TE building over TheRock by ipanfilo · Pull Request #511 · ROCm/TransformerEngine

ipanfilo · 2026-03-30T17:14:18Z

Description

Support TE wheels building over ROCm TheRock

Type of change

Documentation change (change only to the documentation, either a fix or a new content)
Bug fix (non-breaking change which fixes an issue)
New feature (non-breaking change which adds functionality)
Breaking change (fix or feature that would cause existing functionality to not work as expected)
Infra/Build change
Code refactoring

Changes

Please list the changes introduced in this PR:

Update wheels Docker file to use TheRock
Update different components build and initialization to use TheRock default location.
Update CI scripts
Make RTC code changes to be aware of TheRock default layout
Support comma separated list of GPU arch

Checklist:

I have read and followed the contributing guidelines
The functionality is complete
I have commented my code, particularly in hard-to-understand areas
I have made corresponding changes to the documentation
My changes generate no new warnings
I have added tests that prove my fix is effective or that my feature works
New and existing unit tests pass locally with my changes

Micky774 · 2026-03-30T19:50:53Z

May we also swap these two lines, or modify the second into an append:

TransformerEngine/setup.py

Lines 102 to 103 in 2cb27a3

    
           cmake_flags.append("-DUSE_ROCM=OFF") 
        
           cmake_flags = ["-DCMAKE_CUDA_ARCHITECTURES={}".format(archs)]

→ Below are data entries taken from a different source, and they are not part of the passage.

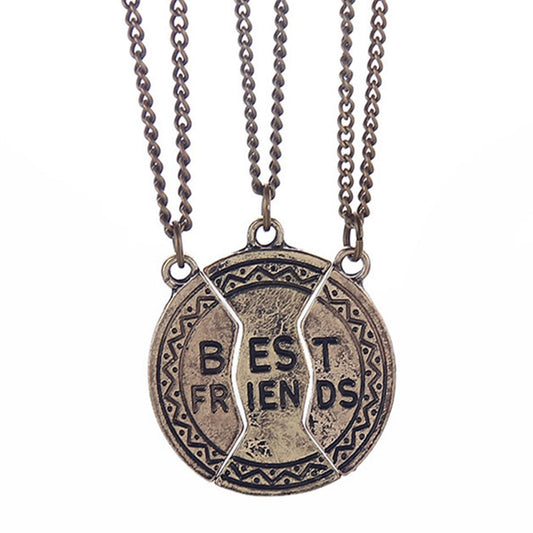 Designer Combo of Three Best Friends forever Unisex pendant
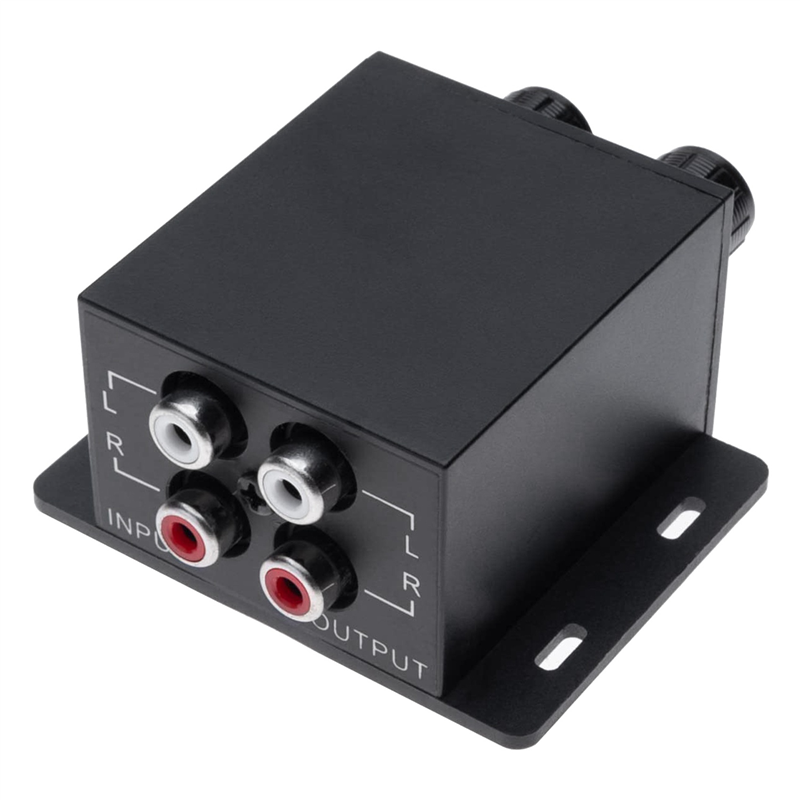 NAMUNY 2X Universal Car Audio Amplifier Bass RCA Level Remote Volume Control Knob,It is Suitable for Most of the Cars. 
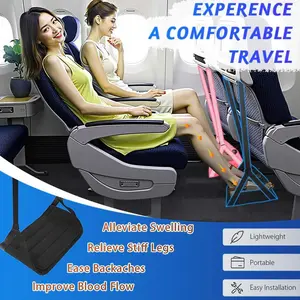Aircraft Hammock with Foot Pedal for Office Leisure Travel on Aircraft or High-Speed Rail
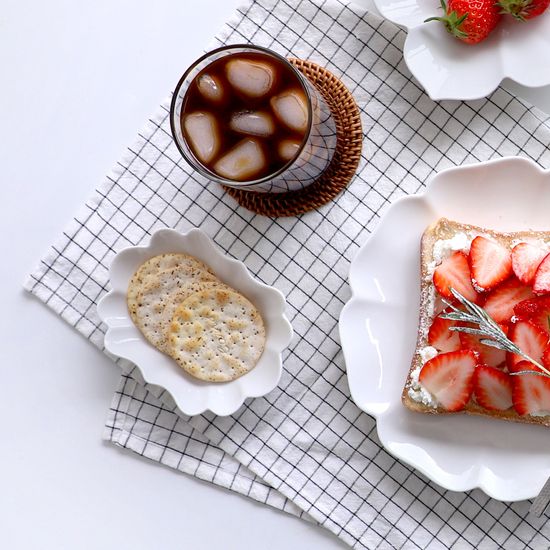 플로렌스 유광 화이트 도자기 타원 찬기 5인치 1p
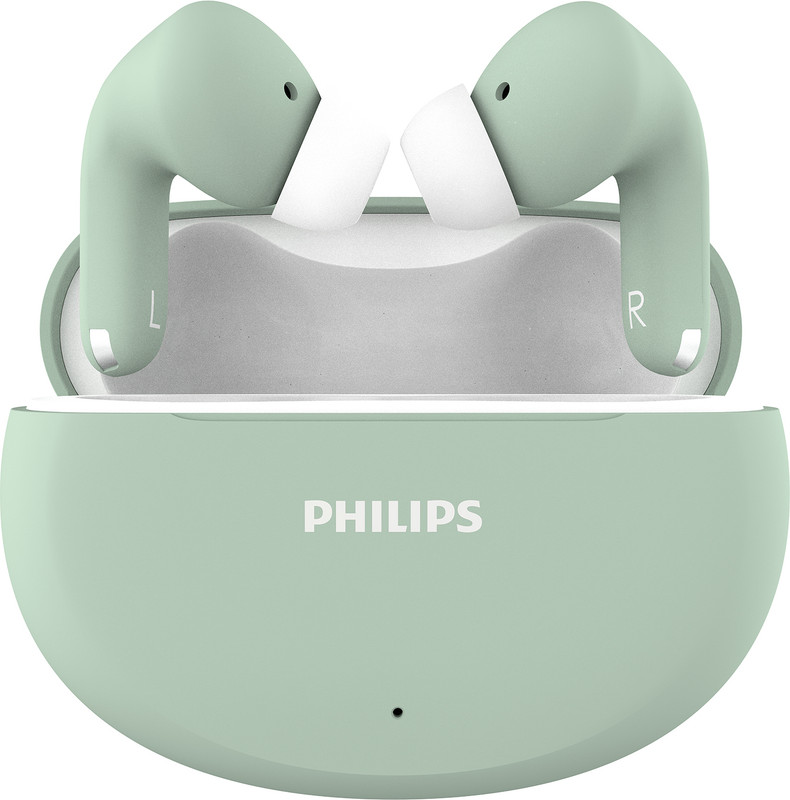 PHILIPS TAT1269 TWS Earbuds, 40H Playtime, BT 5.4, IPX5, Frosty Green Bluetooth(Frosty Green, True Wireless)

AllenFarcas · 2026-03-30T20:05:03Z

.github/scripts/aiter_prebuild_upload.sh

+if [ -n "$ROCM_PATH" ]; then
+    true # Use provided ROCM_PATH
+elif [ -d "/opt/rocm/core" ]; then
+    ROCM_PATH="/opt/rocm/core"
+else
+    ROCM_PATH="/opt/rocm"
+fi
+export ROCM_PATH


This fallback logic from $ROCM_PATH -> /opt/rocm/core -> /opt/rocm appears multiple times in multiple files. Not a blocker, but if the fallback order changes there are multiple places to update. Maybe some refactoring to share this logic in one place could help.

I thought about it. Python and shell scripts need it for different purposes and they are also totally independent entities that do not use common shared code.
Good thing is that such changes like switching to different distribution model are extremely rare.
For CMake files it might however be possible to have some rocm_utils.cmake with ROCM_PATH configuring.

I ditto Allen's comment. I think it would be good to do so at least for the cmake files. For the python files, we could maybe move rocm_path() into the actual runtime library and have the build tools import from it?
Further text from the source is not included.